American companies like Southern California Edison, Harley Davidson, Intel, Disney and others are involved in the H-1B visa program because they use the foreign graduates supplied by the outsourcing companies to perform back-office professional jobs sought by American graduates. Many American employees have complained that Americans firms have forced them to train their cheaper foreign replacements.

This H-1B manipulation was discovered recently by Théo Négri, a young software-engineer from France, whose small American employer couldn’t get him a visa because of the many visa applications filed by a slew of outsourcing companies, many with headquartered in India.

Each year, the government hands out roughly 85,000 H-1B visas by lottery.

Big international companies can afford to hire lawyers to submit many applications–in effect, buying many tickets to the H-1B lottery–on behalf of individuals in a large pool of interchangeable foreign graduates. But smaller U.S. companies can afford only a few tickets to the H-1B lottery, so they have a smaller chance of getting a visa for each of the specific foreign professionals that they want to import.

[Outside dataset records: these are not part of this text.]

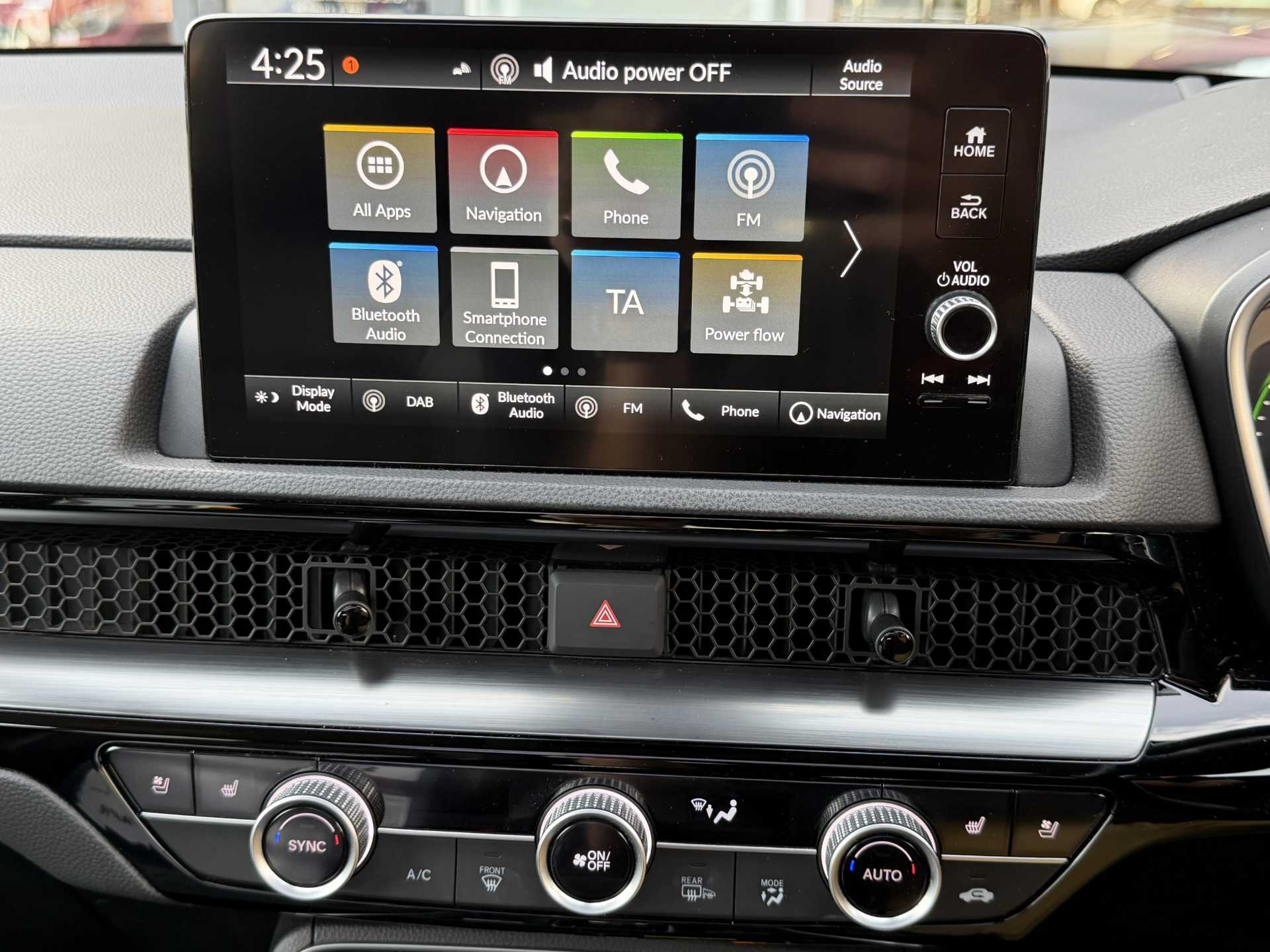 Honda CR-V 2.0 eHEV Advance 5dr eCVT — image 16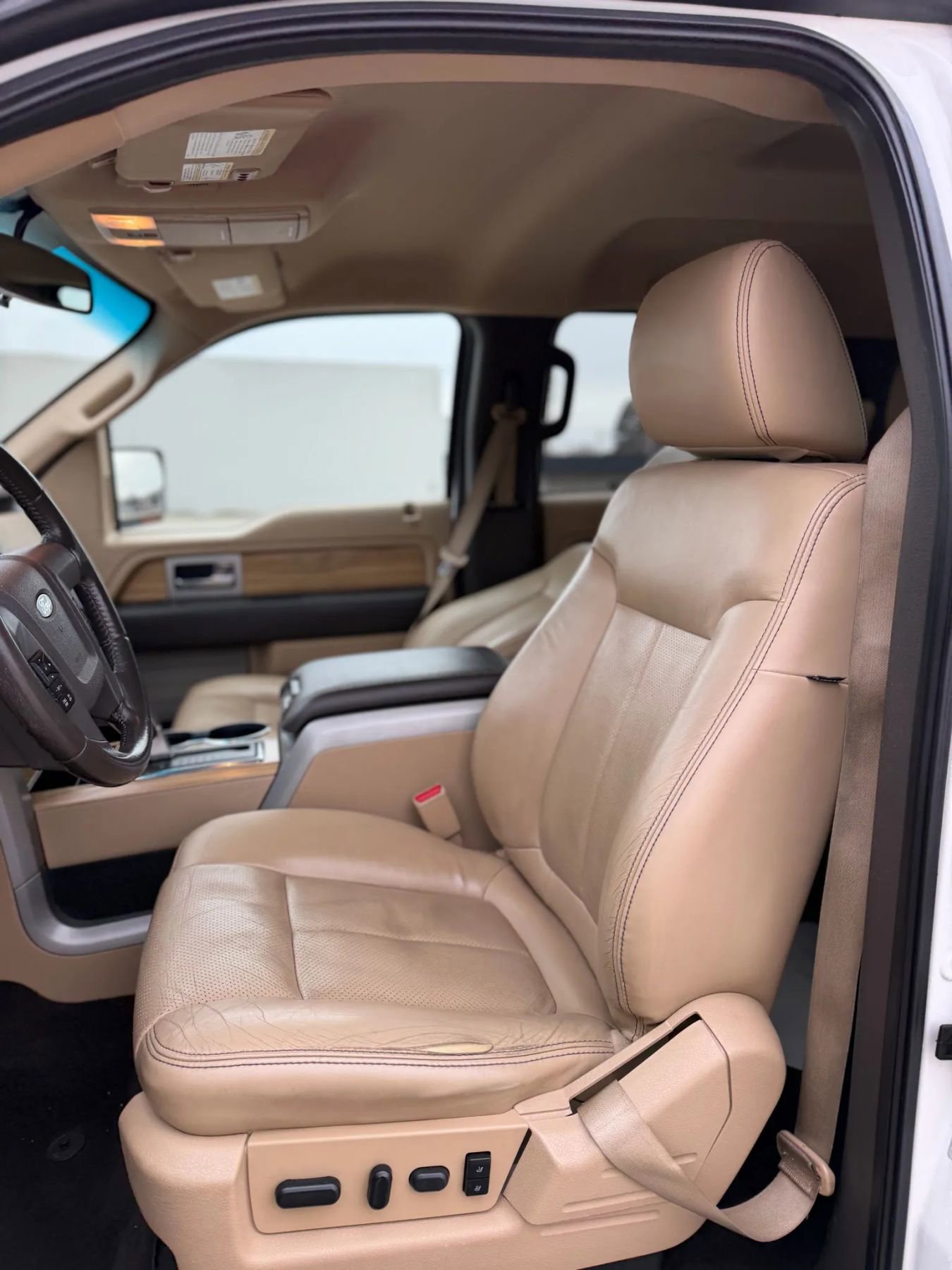 Used 2011 Ford F150 Lariat w/ Lariat Plus Pkg AWD/4WD image 11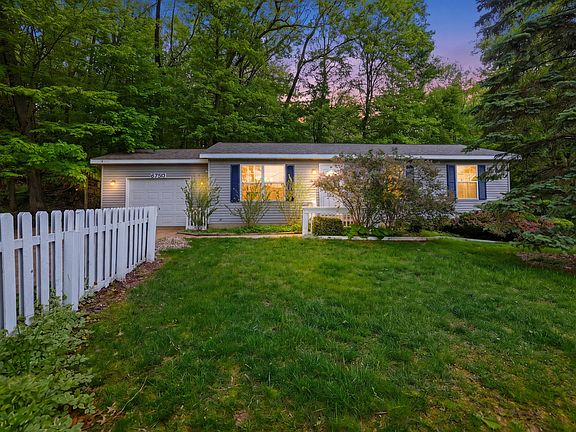 4th image of 8759 Brower Lake Dr NE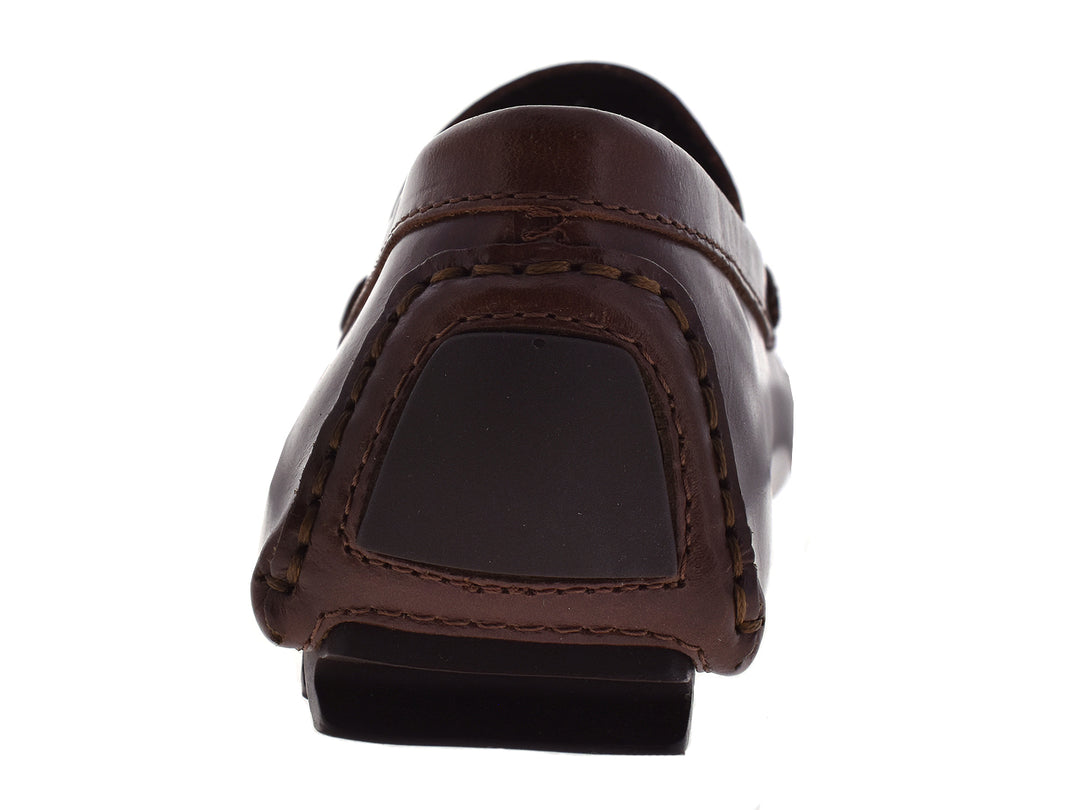 Zapatos mocasines de cuero color caoba para hombre con detalle de hebilla metálica.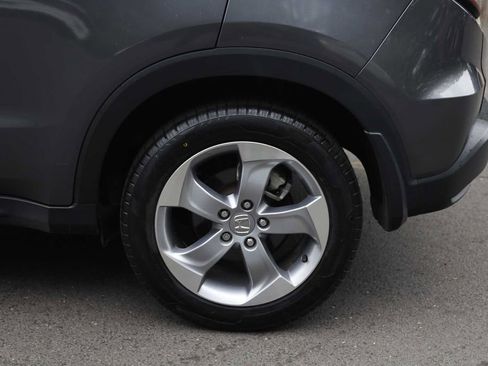 Used 2021 Honda HR-V LX image 12
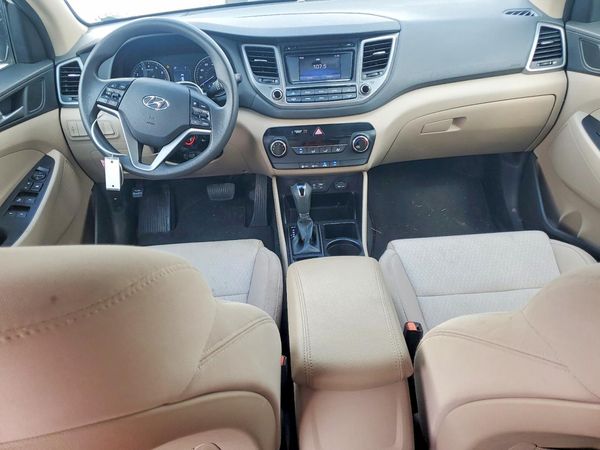 2017 HYUNDAI TUCSON SE (no options)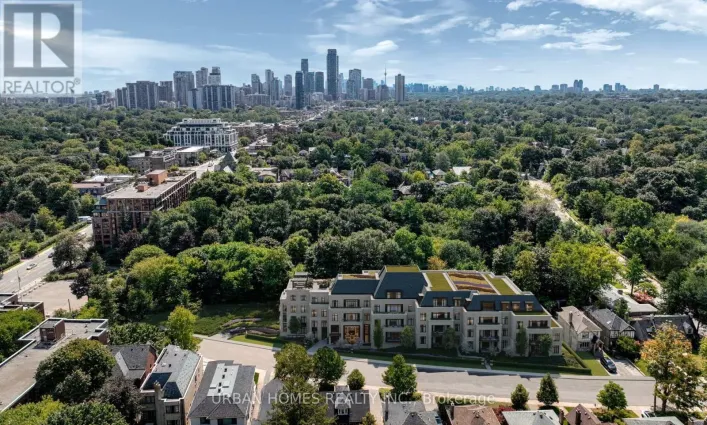 204 - 33 CHATSWORTH DRIVE, Toronto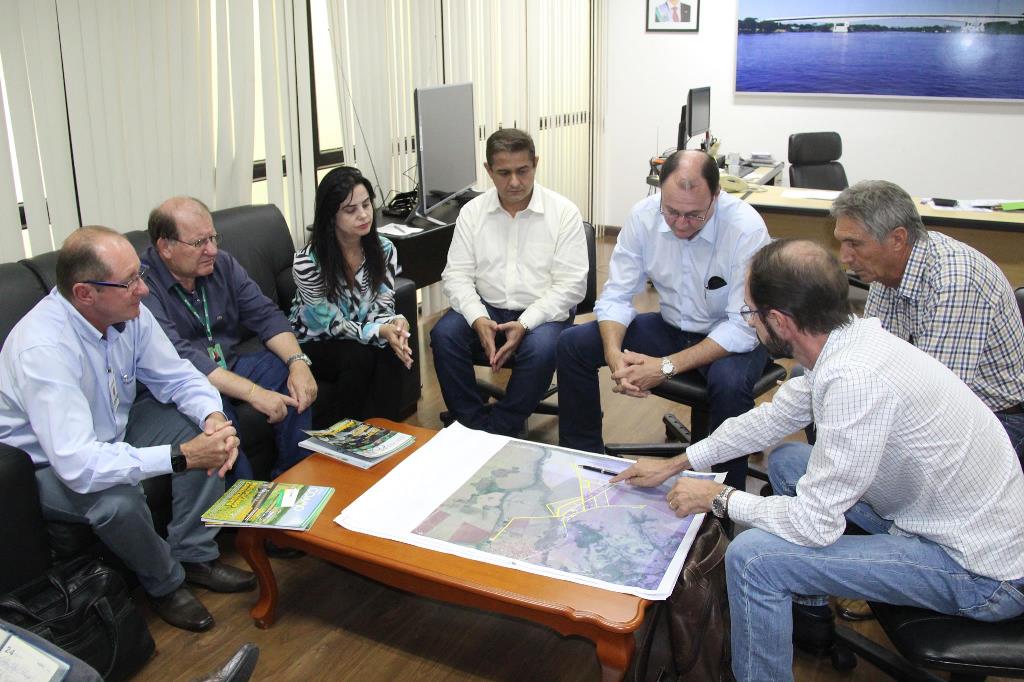 Imagem: Grupo discute alternativas para dar fluxo ao trânsito em Sidrolândia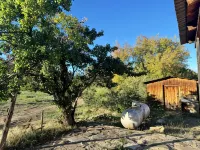 Stay in a vintage adobe mountain home with modern touches. Great retreat! - 2 stjerner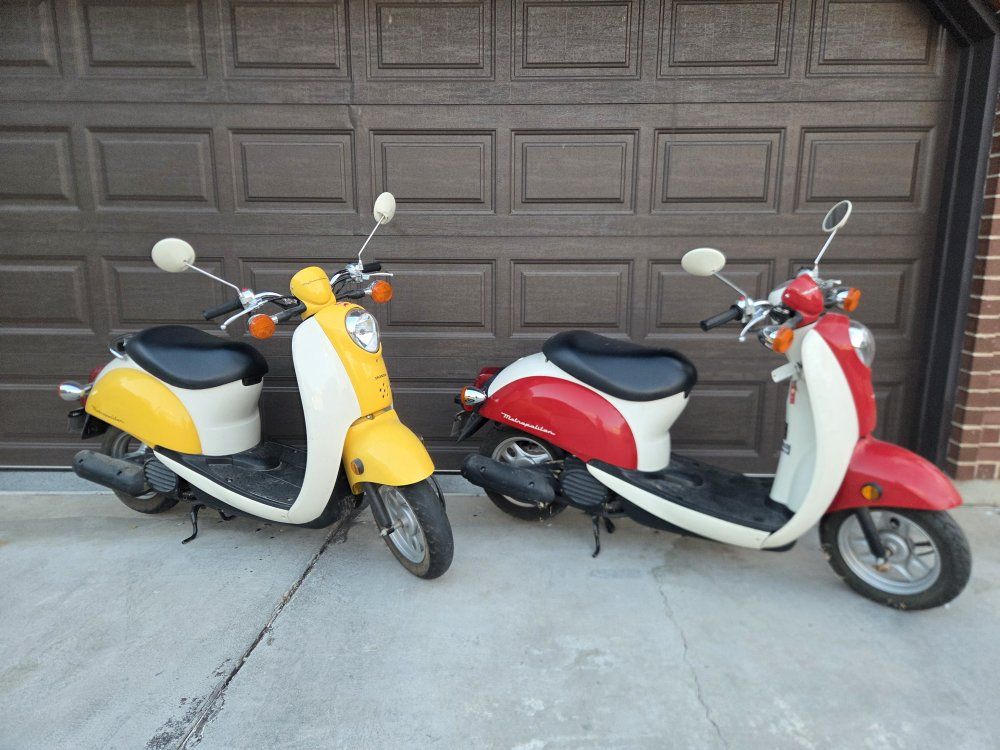 2 Honda Metropolitan 50 scooters 850$ for both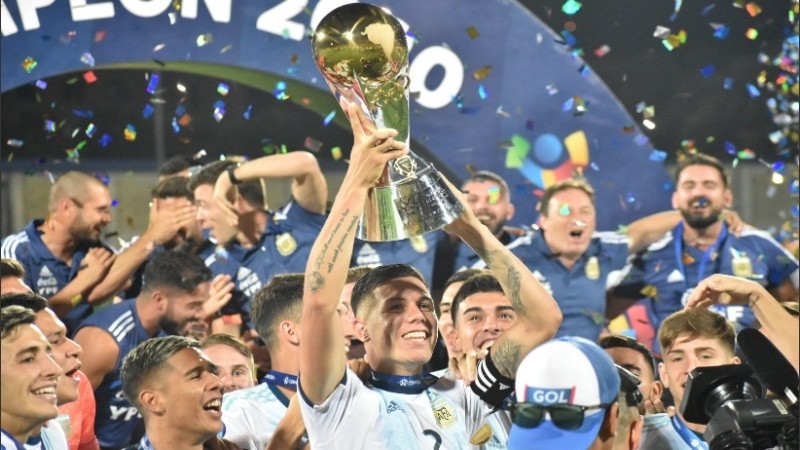 El equipo argentino de fútbol fue campeón del Preolímpico a inicios de este año.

In 2015, roughly 233,000 applications were received in seven days. Only one-third of the applications won a H-1B visa.

One of the big companies that wins many visas is the India-based outsourcing giant, Tata Consultancy Services (TCS). In 2014, that company applied for 14,000 H-1B work permits, and won visas for 5,650 foreign professionals. Most of those imports were subsequently sent to work under low-price contracts at name-brand Americans firms.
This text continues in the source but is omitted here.